Hello everyone,
I would like to propose an extension for the Fetch operation in Substrait [1].
The fetch operator eliminates records outside a specified window, typically corresponding to an OFFSET/FETCH or LIMIT/OFFSET clause in SQL. The fetch operator defines two primary properties:
• Offset (optional): Specifies the number of records to skip before retrieval begins.
• Count: Specifies the number of records to retrieve.
Currently, both offset and count in Substrait are restricted to integers. This proposal seeks to generalize these fields to support expressions that evaluate to a constant integer, thus providing more flexibility for engines.
Background
In the SQL standard, engines supporting features F860 (dynamic row count) and F865 (dynamic offset) enable such capabilities. Some examples of engines supporting expressions for offset and/or count include:
1. SQL Server: Supports variables, parameters, and constant scalar expressions, including subqueries [2].
2. PostgreSQL: Supports literal constants, parameters, variables, and other expressions [3].
3. DB2: Supports expressions that must not contain column references, scalar full-selects, non-deterministic functions, functions with external actions, or sequence references [4].
4. Oracle: Supports a literal or an expression that evaluates to a numeric value [5].
5. Apache Spark: Allows foldable function expressions for limit and offset [6].

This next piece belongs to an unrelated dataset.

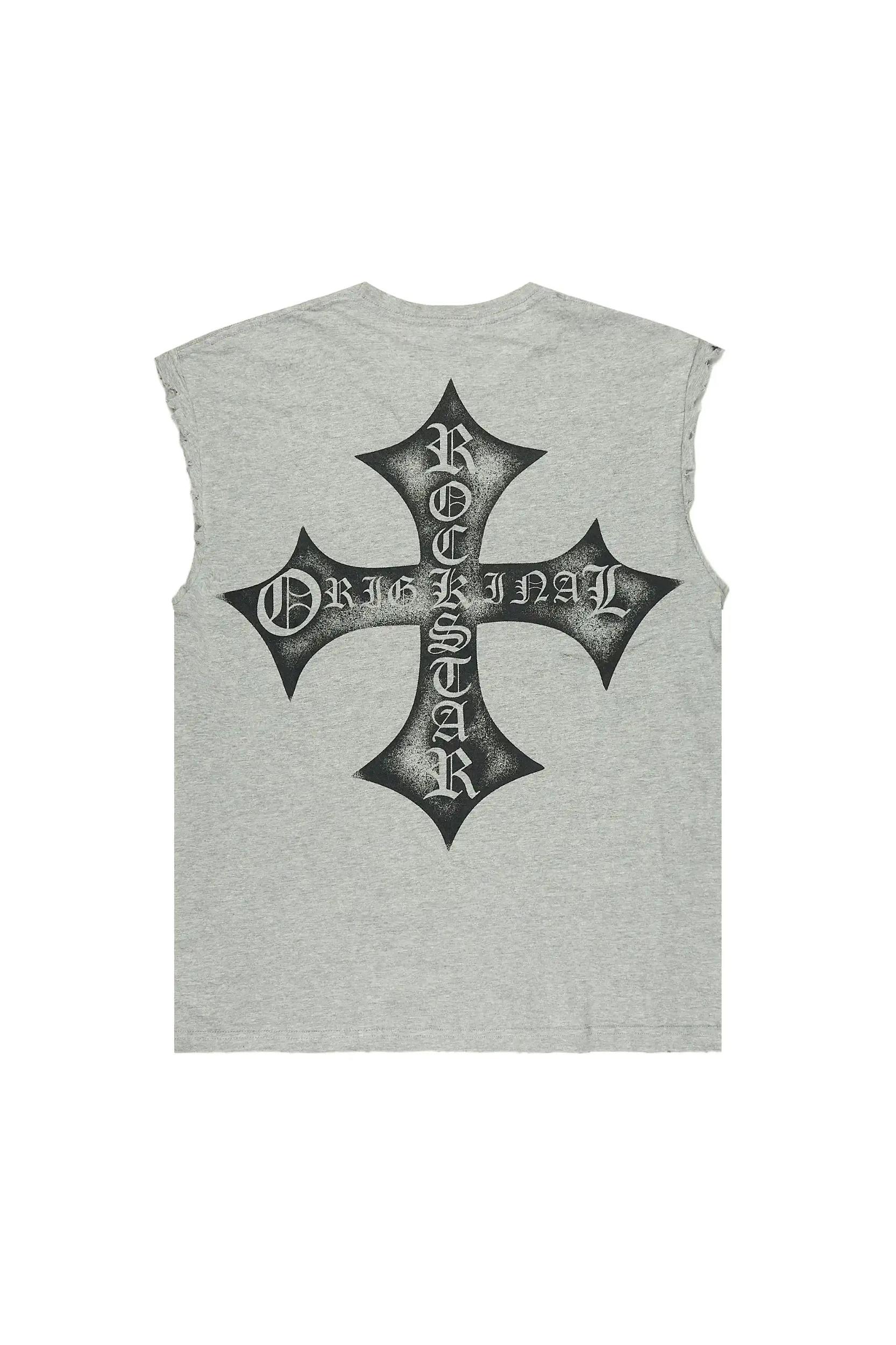 Marizon Grey Cut off Tee Male Product Image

ProposalExtending FetchRel in Substrait to support expressions for both offset and count. Here is a sketch of how it would look:
// The relational operator representing LIMIT/OFFSET or TOP type semantics.
message FetchRel {
RelCommon common = 1;
Rel input = 2;
// the offset expressed in number of records
// Deprecated: use `offset_rel` instead
int64 offset = 3 [deprecated = true];
// Expression evaluated into an integer specifying the number of records to
// skip.
Expression offset_rel = 5;
// the amount of records to return
// use -1 to signal that ALL records should be returned
// Deprecated: use `count_rel` instead
int64 count = 4 [deprecated = true];
// Expression evaluated into an integer specifying the number of records to
// return. -1 signals that all records should be returned.
Expression count_rel = 6;
substrait.extensions.AdvancedExtension advanced_extension = 10;
}
If the community agrees the proposal is reasonable, I will proceed by creating a GH issue and starting to work on a PR. Please let me know if you have any feedback.
Thanks,